Indeed, by the last decade of the eighteenth century Boston had become the chief shipping port of the United States. In 1790 the arrivals from abroad at that port were 60 ships, 7 snows, 159 brigs, 170 schooners, 59 sloops, besides coasters estimated to number 1,220 sail. In the Independent Chronicle, of October 27, 1791, appears the item: "Upwards of seventy sail of vessels sailed from this port on Monday last, for all parts of the world." A descriptive sketch, written in 1794 and printed in the Massachusetts Historical Society collections, says of the appearance of the water front at that time:
"There are eighty wharves and quays, chiefly on the east side of the town. Of these the most distinguished is Boston pier, or the Long Wharf, which extends from the bottom of State Street 1,743 feet into the harbor. Here the principal navigation of the town is carried on; vessels of all burdens load and unload; and the London ships generally discharge their cargoes.... The harbor of Boston is at this date crowded with vessels. It is reckoned that not less than 450 sail of ships, brigs, schooners, sloops, and small craft are now in this port."
New York and Baltimore, in a large way; Salem, Hull, Portsmouth, New London, New Bedford, New Haven, and a host of smaller seaports, in a lesser degree, joined in this prosperous industry. It was the great interest of the United States, and so continued, though with interruptions, for more than half a century, influencing the thought, the legislation, and the literature of our people. When Daniel Webster, himself a son of a seafaring State, sought to awaken his countrymen to the peril into which the nation was drifting through sectional dissensions and avowed antagonism to the national authority, he chose as the opening metaphor of his reply to Hayne the description of a ship, drifting rudderless and helpless on the trackless ocean, exposed to perils both known and unknown. The orator knew his audience. To all New England the picture had the vivacity of life. The metaphors of the sea were on every tongue.

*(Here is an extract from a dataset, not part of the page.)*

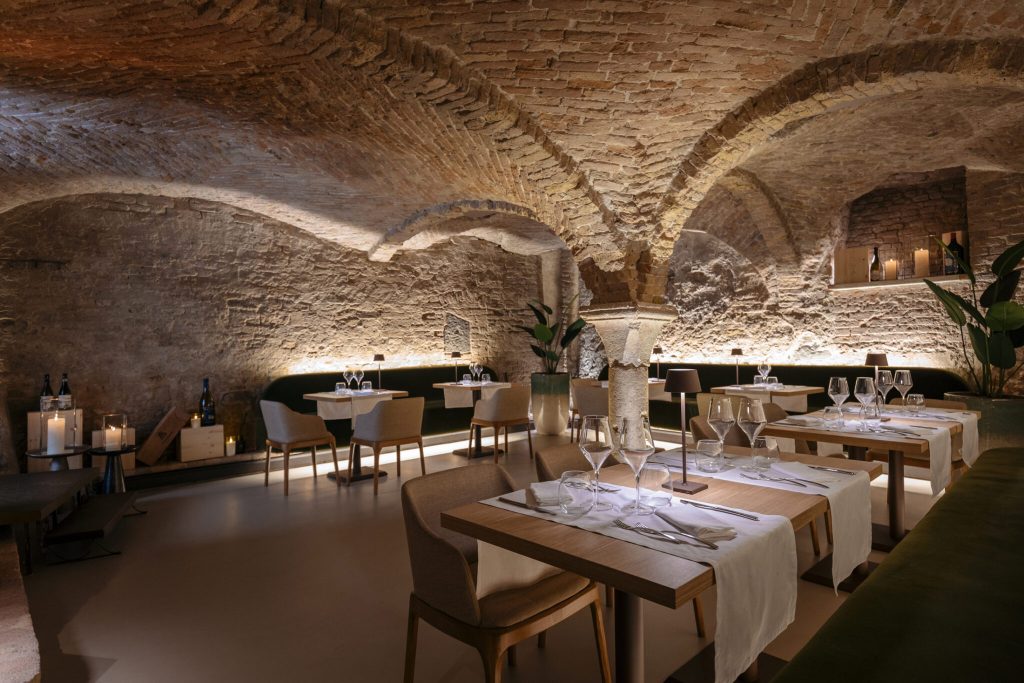 LOCALE-2048x1366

The story is a familiar one of the Boston clergyman who, in one of his discourses, described a poor, sinful soul drifting toward shipwreck so vividly that a sailor in the audience, carried away by the preacher's imaginative skill, cried out: "Let go your best bower anchor, or you're lost." In another church, which had its pulpit set at the side instead of at the end, as customary, a sailor remarked critically: "I don't like this craft; it has its rudder amidships."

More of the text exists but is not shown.